The heat exchanger 4 uses water 30 as the process fluid and transfers heat from the exhaust stream 2 to the process fluid stream and electricity is generated using thermoelectric modules 6. The warm water effluent 36 from the heat exchanger 4 is used as feed water for the combined heat and power engine 38 or a fuel cell, for example a natural gas fuel cell.

The electricity generated by the thermoelectric modules 6 flows through a power regulator 8 which regulates the voltage and directs the electricity either to a battery 10, a hydrogen (H2) or HHO fuel cell 12 or to add to the electricity produced by the combined heat and power engine 38.

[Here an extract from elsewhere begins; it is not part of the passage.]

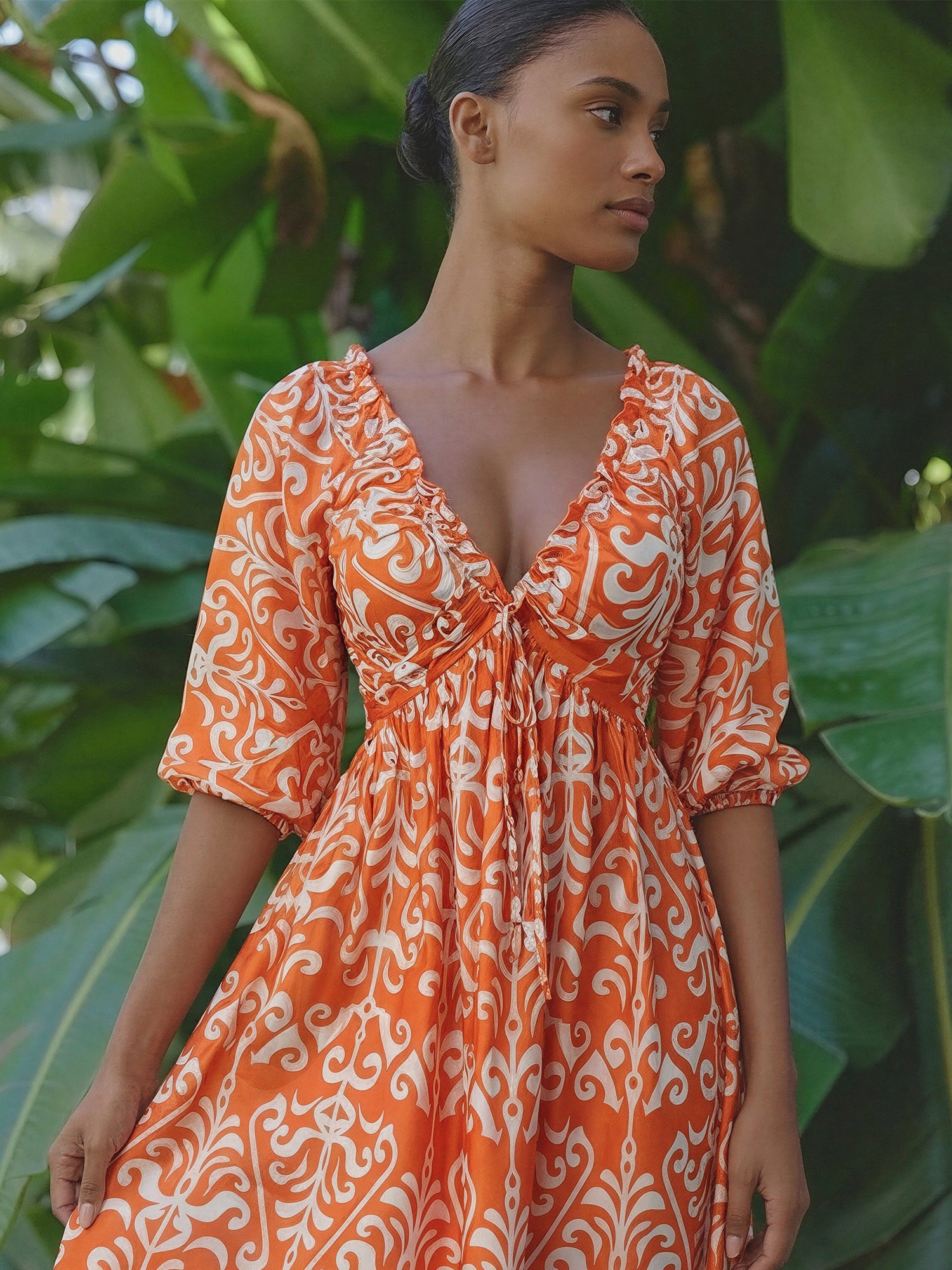 new york and company orange dress Short sleeve V Neck Border Print Woven Midi Dress - MEDIUM / BLUE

The fuel cell 12 can be a hydrogen (H2) fuel cell, such as a proton exchange fuel cell, or any HHO fuel cell.

As shown by the dashed lines, the process fluid for the heat exchanger 4 could however be air stream 32 and the thermoelectric modules 6 can be thick or thin film. In this embodiment, the cooling air 32 is also used as combustion fuel for the combined heat and power engine 38 or a fuel cell.

Additionally, the power regulator can also direct power to an inverter 39, which converts the electricity to AC, for regular use.

It will be understood that the embodiments illustrated above show applications of the invention only for the purposes of illustration. In practice the invention may be applied to many different configurations, the detailed embodiments being straightforward for those skilled in the art to implement.